:: Given data

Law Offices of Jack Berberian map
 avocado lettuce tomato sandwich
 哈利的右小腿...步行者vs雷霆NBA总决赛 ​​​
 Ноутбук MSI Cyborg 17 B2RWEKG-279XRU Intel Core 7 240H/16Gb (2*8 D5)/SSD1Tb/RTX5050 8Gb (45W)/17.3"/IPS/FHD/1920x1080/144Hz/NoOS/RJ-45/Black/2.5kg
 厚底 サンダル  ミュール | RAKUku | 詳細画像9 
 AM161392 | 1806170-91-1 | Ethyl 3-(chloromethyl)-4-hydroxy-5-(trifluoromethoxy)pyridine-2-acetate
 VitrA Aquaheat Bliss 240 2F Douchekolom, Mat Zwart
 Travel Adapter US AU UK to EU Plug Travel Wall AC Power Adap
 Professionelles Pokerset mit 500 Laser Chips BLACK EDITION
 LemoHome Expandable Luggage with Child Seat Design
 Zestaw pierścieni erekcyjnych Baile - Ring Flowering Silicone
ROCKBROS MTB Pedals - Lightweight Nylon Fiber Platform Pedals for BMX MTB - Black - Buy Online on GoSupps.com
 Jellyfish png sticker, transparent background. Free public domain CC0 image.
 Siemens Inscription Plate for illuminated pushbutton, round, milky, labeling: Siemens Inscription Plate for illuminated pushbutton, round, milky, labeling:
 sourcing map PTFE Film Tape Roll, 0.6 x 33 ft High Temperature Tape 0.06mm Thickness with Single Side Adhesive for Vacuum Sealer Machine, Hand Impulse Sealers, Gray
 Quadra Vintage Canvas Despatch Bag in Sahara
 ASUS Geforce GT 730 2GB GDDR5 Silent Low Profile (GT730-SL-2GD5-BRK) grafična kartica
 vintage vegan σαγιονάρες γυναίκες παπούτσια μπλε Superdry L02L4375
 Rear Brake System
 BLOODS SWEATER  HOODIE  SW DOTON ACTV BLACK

::::

Task brief: You are asked to copy all of the entries above exactly.

Exercise response:
Law Offices of Jack Berberian map
 avocado lettuce tomato sandwich
 哈利的右小腿...步行者vs雷霆NBA总决赛 ​​​
 Ноутбук MSI Cyborg 17 B2RWEKG-279XRU Intel Core 7 240H/16Gb (2*8 D5)/SSD1Tb/RTX5050 8Gb (45W)/17.3"/IPS/FHD/1920x1080/144Hz/NoOS/RJ-45/Black/2.5kg
 厚底 サンダル  ミュール | RAKUku | 詳細画像9 
 AM161392 | 1806170-91-1 | Ethyl 3-(chloromethyl)-4-hydroxy-5-(trifluoromethoxy)pyridine-2-acetate
 VitrA Aquaheat Bliss 240 2F Douchekolom, Mat Zwart
 Travel Adapter US AU UK to EU Plug Travel Wall AC Power Adap
 Professionelles Pokerset mit 500 Laser Chips BLACK EDITION
 LemoHome Expandable Luggage with Child Seat Design
 Zestaw pierścieni erekcyjnych Baile - Ring Flowering Silicone
ROCKBROS MTB Pedals - Lightweight Nylon Fiber Platform Pedals for BMX MTB - Black - Buy Online on GoSupps.com
 Jellyfish png sticker, transparent background. Free public domain CC0 image.
 Siemens Inscription Plate for illuminated pushbutton, round, milky, labeling: Siemens Inscription Plate for illuminated pushbutton, round, milky, labeling:
 sourcing map PTFE Film Tape Roll, 0.6 x 33 ft High Temperature Tape 0.06mm Thickness with Single Side Adhesive for Vacuum Sealer Machine, Hand Impulse Sealers, Gray
 Quadra Vintage Canvas Despatch Bag in Sahara
 ASUS Geforce GT 730 2GB GDDR5 Silent Low Profile (GT730-SL-2GD5-BRK) grafična kartica
 vintage vegan σαγιονάρες γυναίκες παπούτσια μπλε Superdry L02L4375
 Rear Brake System
 BLOODS SWEATER  HOODIE  SW DOTON ACTV BLACK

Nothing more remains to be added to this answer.